Chroniques

par laurent bergnach

Aventures et Nouvelles aventures
spectacle de l’Ensemble Justiniana

Opéra national de Paris / Amphithéâtre Bastille, Paris
- 12 décembre 2007
Aventures et Nouvelles aventures, spectacle de l’Ensemble Justiniana
© dr

Gêné par le fait que notre approche de l'opéra nécessite une connaissance intime du livret ou, au moins, un résumé de l'action, György Ligeti (1923-2006) cherche à s'affranchir du récit – mais pas de la voix : de nombreux lieder de jeunesse et chœurs a cappella témoignent du contraire. En 1967, il évoque le texte idéal pour des œuvres musicales scéniques : « un tel texte ne devrait fixer aucune relation abstraite mais traduire directement des émotions et des comportements, de sorte que les éléments scéniques et les actions puissent être pris pour des choses sensées au lieu des extravagances abstraites du texte ». Aventures (créé à Hambourg, le 4 avril 1963) et Nouvelles Aventures (dans la même ville, le 26 mai 1966) reflètent déjà cette envie, puisque d'étranges onomatopées tiennent lieu de discours, ne prenant pas vie avant la musique, mais bien en même temps qu'elle.

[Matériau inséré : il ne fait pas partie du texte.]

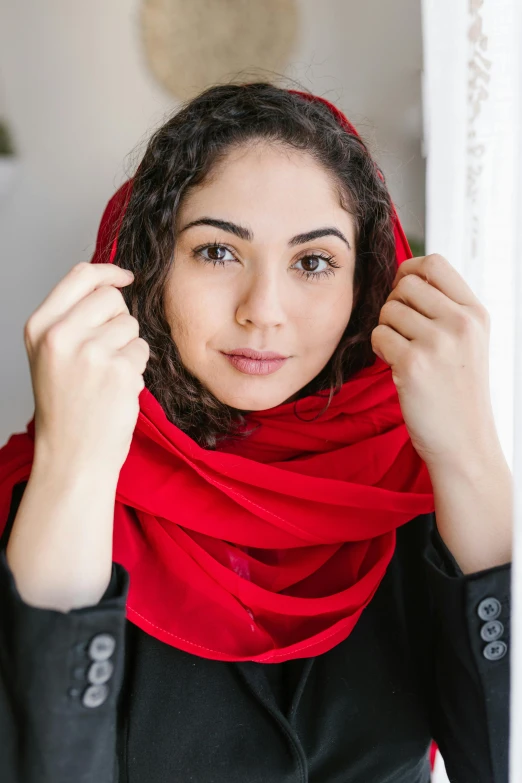 a woman in a black shirt and a red scarf, inspired by Maryam Hashemi, pexels contest winner, pale-skinned persian girl, wearing a red outfit, product introduction photo, casually dressed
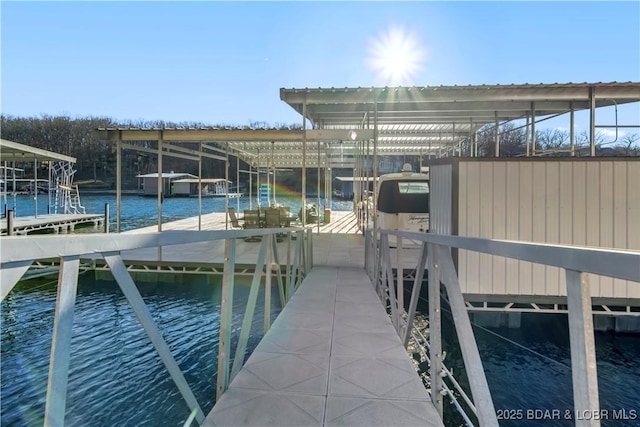 view of dock featuring a water view and boat lift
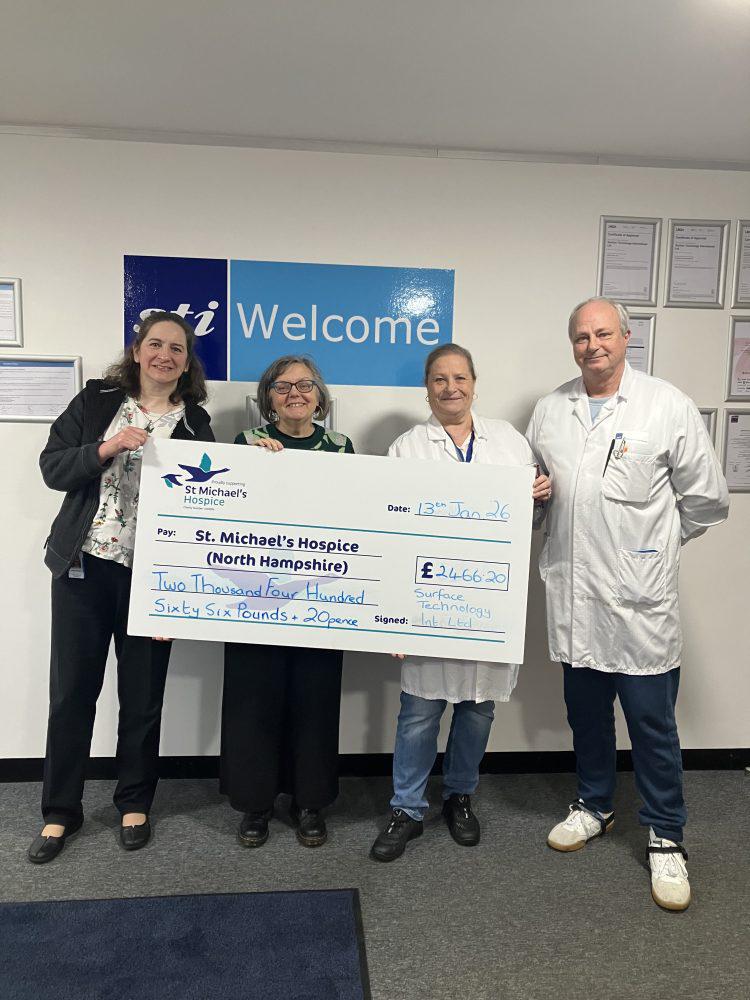 Four people hold a large novelty check for St. Michael's Hospice.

À l'aide du rire, du grognement, du soupir ou du gloussement, Ligeti laisse place aux émotions intimes (mélancolie, sanglots), mais principalement à « tous les affects humains ritualisés par les relations sociales tels la connivence, le désaccord, la domination et la soumission ». Avec l'Ensemble Justiniana, Charlotte Nessi nous convie justement à un banquet burlesco-surréaliste, au cours duquel – les enfants étant priés de rester dans leur chambre –, les grandes personnes se livrent au jeu de la vie, avec grandiloquence et donc, comme souvent, ridicule. Tout autour, comme autant de portraits d'ancêtres, les musiciens encadrés accompagnent quatre comédiens, trois chanteurs – le soprano Jody Pou, le mezzo Katalin Károlyi et le baryton Paul-Alexandre Dubois, vaillants et ne manquant pas d'impact –, ainsi qu'une danseuse.

L'aventure ne s'arrête pas là : après la fête, tels des canaris fondant sur les miettes de la nappe, une vingtaine d'enfants envahissent la scène, remplaçant les adultes. Outre leurs gestes et leurs vices, le Chœur d'enfants Sotto Voce imite également leur sabir, grâce à Miniwanka or the moments of water, une partition du Canadien Raymond Murray Schafer (né en 1933). L'esprit sonore est le même que précédemment, même si la limpidité des voix sert ici une expressivité moins tonitruante. Outre Denis Comtet à la direction, c'est avec plaisir que nous retrouvons Dana Ciocarli pour des intermèdes puisés dans Musica Ricercata (1951-53) – n°1 en ouverture, n°3, n°7, etc. –, puisque c'est sans froideur qu'elle livre ces miniatures souvent mécaniques.